Some more innovative work from the London School of Economics. This genuinely thought-provoking 8 minute video describes a collaboration between the LSE-hosted International Growth Centre and Zambia’s Ministry of Health. The background academic paper is here.
Researchers and officials worked together to answer an important question: to motivate people in rural villages to become rural community health workers (CHWs), is it best to appeal to their community spirit, or to their hopes for individual career development? If you do the latter, will people lose their link to the community, and replicate the problem with more standard professional health workers, many of whom hate working in rural areas, and head for the city?
To do that, they divided up 160 villages targeted for recruitment. In half they put up posters that stressed ‘come and serve your community’, in the rest they put the emphasis on careers (see pics). Sure enough, the posters attracted different kinds of people to apply for CHW training.
So what happened? The paper concludes:
‘We find that making career incentives salient attracts more qualified applicants with stronger career ambitions without displacing pro-social preferences, which are high in both treatments. Health workers attracted by career incentives are more effective at delivering health services and are equally likely to remain in their posts over the course of 18 months. Career incentives, far from selecting the “wrong” types, attract talented workers who deliver health services effectively.’
There are important lessons here. Firstly, the way to generate research – the IGC built long term relationships with the Ministry of Health, meaning that they could work together on the basis of trust and respect. The very opposite of the ‘extractive research’ that is all too common in academia. (‘I need access to your community for my research’).
The findings suggest that career incentives work better and do not lead to an exodus of staff. However, one caveat – to be certain, you would want to follow the CHWs over a longer period of time than 18 months to test for desertion rates.

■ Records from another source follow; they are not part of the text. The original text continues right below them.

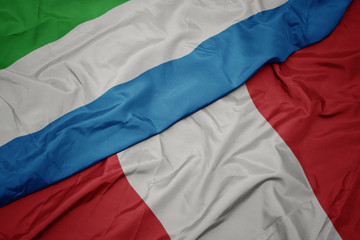 waving colorful flag of peru and national flag of sierra leone.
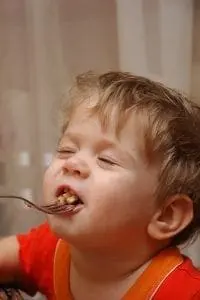 Young child with eyes closed eating from a fork.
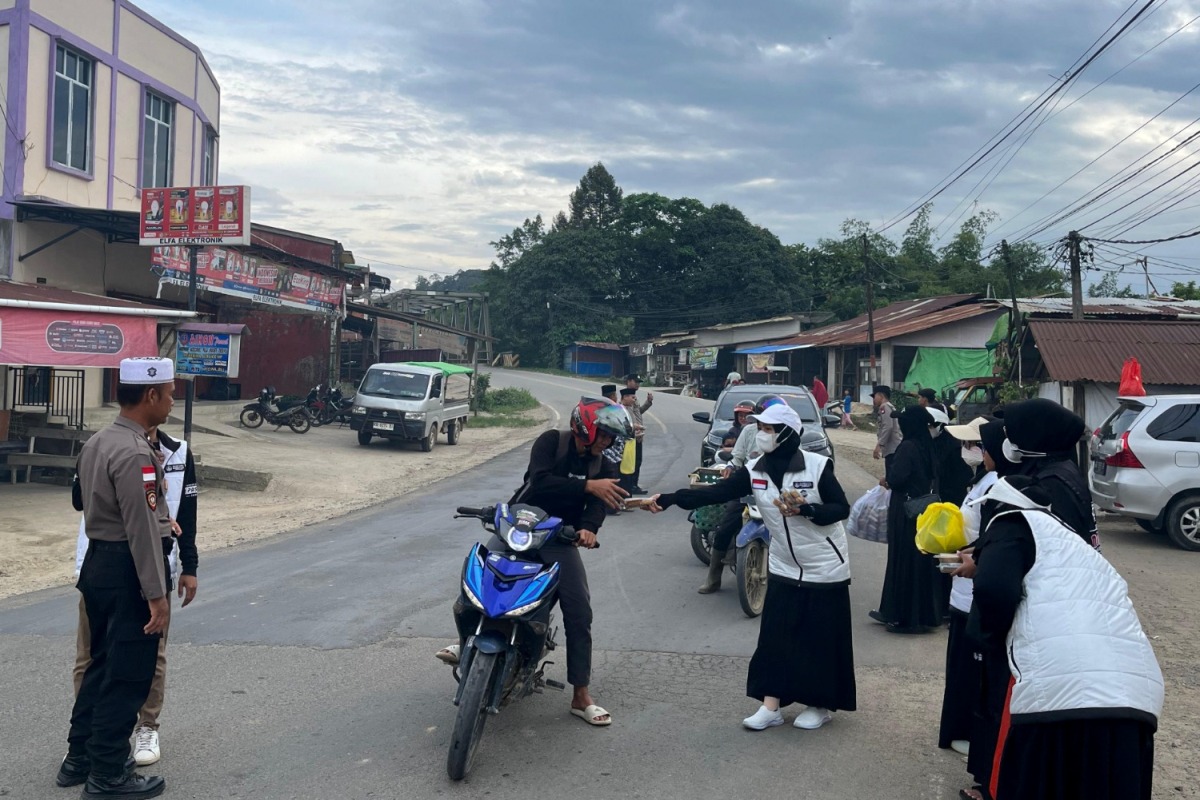 Personel Polsek Sekayam membagikan takjil bersama organisasi Paskas.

One other caveat – it still feels very top down. LSE pointy heads workshopping busily with Ministry officials and sympathetic politicians and agreeing what tests to run on the communities in terms of recruitment strategies. What would the research have looked like if they’d designed it with the involvement of CHWs or the communities themselves? Rather different, I imagine.
It all goes some way to restoring my faith in the value of randomization and experimental approaches, when done well. And of course, it’s a brilliantly accessible way to publicise research findings.